もしも、この世からいなくなってしまった偉大なアーティストが目の前に現れたら?そんなコンサートが話題となっている。亡くなってしまった生前のコンサート風景をホログラムとしてステージ上に投影して、あたかもそこにいるように演出する方法だ。この特殊技術を企画・運営しているのはEYELUSIONという会社。もちろん、その根底には「もう一度、あのアーティストの生の演奏が見たい!」と言うファンの熱い想いがある。EYELUSIONではないが、日本では「初音ミク」に代表されるヴァーチャル・アイドルのコンサートもホログラムを使っている。2014年、マイケル・ジャクソンもアメリカのビルボード・ミュージック・アワードで新曲と共に蘇った。近年、話題となっている演出方法である。
EYELUSIONという会社が手がけるのは、生のバンドと演奏者との共演である。

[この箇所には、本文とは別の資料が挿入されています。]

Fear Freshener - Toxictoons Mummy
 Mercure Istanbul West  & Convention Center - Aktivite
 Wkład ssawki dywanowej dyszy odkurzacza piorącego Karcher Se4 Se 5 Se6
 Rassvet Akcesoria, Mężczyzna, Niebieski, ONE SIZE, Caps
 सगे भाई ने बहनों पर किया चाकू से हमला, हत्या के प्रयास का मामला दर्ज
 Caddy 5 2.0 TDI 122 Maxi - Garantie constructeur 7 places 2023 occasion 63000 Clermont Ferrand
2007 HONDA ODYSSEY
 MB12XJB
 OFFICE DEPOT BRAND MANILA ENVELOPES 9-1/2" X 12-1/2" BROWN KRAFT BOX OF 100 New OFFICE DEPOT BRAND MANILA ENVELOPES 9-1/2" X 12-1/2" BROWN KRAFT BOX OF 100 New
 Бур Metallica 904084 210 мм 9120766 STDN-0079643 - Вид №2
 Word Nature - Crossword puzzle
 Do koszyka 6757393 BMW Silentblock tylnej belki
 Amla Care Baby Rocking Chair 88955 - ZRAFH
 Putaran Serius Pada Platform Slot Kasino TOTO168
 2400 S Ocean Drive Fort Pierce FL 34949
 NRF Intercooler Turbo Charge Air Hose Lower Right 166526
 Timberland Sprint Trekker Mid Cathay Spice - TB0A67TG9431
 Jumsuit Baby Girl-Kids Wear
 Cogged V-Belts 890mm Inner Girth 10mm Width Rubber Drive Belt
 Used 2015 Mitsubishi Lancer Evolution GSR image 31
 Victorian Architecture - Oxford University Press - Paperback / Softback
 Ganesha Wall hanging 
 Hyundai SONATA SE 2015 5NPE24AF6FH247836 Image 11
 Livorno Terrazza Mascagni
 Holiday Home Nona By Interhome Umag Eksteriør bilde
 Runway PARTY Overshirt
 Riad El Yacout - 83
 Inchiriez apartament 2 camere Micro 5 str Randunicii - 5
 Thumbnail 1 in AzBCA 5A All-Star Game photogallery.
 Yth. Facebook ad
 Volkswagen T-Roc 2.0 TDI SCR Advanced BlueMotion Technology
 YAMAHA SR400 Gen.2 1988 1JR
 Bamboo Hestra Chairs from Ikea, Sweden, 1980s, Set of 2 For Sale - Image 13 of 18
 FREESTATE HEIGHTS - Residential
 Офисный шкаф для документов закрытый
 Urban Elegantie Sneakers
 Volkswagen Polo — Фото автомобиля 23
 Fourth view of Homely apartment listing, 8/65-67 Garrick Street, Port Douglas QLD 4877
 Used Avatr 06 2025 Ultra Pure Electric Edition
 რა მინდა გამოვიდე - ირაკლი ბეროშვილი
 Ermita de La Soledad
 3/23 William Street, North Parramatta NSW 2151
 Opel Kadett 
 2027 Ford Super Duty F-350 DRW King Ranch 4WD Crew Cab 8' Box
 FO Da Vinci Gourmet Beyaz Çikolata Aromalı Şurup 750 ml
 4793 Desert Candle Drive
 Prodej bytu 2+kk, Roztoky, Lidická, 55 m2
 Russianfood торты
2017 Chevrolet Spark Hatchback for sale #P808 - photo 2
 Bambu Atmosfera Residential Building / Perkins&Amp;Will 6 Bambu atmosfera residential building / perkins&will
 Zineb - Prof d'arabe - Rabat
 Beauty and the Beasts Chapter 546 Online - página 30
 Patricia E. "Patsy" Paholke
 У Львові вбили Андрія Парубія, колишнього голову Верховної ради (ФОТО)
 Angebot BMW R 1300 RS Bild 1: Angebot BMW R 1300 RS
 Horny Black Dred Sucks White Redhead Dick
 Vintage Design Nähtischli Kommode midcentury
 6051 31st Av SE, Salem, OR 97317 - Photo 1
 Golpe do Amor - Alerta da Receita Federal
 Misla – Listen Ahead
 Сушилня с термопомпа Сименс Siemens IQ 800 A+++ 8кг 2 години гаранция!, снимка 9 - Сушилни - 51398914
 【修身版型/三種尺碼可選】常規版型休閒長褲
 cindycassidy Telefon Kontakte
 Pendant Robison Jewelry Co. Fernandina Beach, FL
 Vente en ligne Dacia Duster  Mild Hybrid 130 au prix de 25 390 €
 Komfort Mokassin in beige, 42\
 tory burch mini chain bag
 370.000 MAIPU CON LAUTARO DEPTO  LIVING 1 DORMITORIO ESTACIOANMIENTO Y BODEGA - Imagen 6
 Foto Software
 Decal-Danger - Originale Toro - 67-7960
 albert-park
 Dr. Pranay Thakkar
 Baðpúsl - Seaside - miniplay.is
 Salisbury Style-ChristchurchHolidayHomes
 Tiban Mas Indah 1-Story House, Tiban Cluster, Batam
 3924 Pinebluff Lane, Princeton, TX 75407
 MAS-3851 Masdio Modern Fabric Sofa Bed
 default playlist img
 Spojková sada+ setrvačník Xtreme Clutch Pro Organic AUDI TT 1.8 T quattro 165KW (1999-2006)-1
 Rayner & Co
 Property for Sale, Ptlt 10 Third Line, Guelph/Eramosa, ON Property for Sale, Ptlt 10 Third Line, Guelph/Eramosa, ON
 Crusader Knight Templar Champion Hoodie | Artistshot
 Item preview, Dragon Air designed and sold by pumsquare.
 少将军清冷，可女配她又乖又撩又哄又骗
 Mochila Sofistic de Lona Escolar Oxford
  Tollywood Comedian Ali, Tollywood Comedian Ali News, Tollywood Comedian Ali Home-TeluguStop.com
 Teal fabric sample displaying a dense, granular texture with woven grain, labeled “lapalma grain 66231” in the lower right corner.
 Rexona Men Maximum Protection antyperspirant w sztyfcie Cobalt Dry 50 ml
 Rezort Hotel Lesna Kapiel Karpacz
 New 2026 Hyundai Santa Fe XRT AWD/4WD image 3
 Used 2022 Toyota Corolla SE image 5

2017年、レインボウや自身のバンドDIOで活躍したメタル界のさぶちゃんことロニー・ジェイムス・ディオをホログラムで復活させ話題になった。彼は2010年に亡くなっている。生前の彼の映像を、あたかもそこにいるようなホログラムに創り直しただけではなく、バンドと同期させるという新たな試みが行われている。バックの演奏には彼の友人たちが集結した。

第2弾として予定されているのは、ロック界の鬼才フランク・ザッパである。ディオと違い、複雑かつ緻密で知られるその音楽を再現するには、常に大所帯のバンドが用意された。今回もザッパ・バンドに関わってきたミュージシャンが多数参加するという。発表されたメンバーはレイ・ホワイト(G)、マイク・ケネリー(G)、スコット・チュニス(B)、ロバート・マーティン(Sax/Key)、ジョー・トラヴァース(Ds)がバンドとして参加し、スティーヴ・ヴァイ、ウォーレン・ククルロ、イアン・アンダーウッド、ヴィニー・カリウタ、ナポレオン・マーフィー・ブロック、アーサー・バロウ、エド・マンらがゲスト出演するという。凄まじいコンサートになることは間違いないだろうが、唐突なリズム・チェンジやフランク・ザッパのギター・ソロがどこまでシンクロするのか興味は尽きない。コンサート詳細の発表が待ち遠しい。この技術がどんどん進化すれば、そのうちプレスリーとジミヘンといったありえない共演も観られるかもしれない。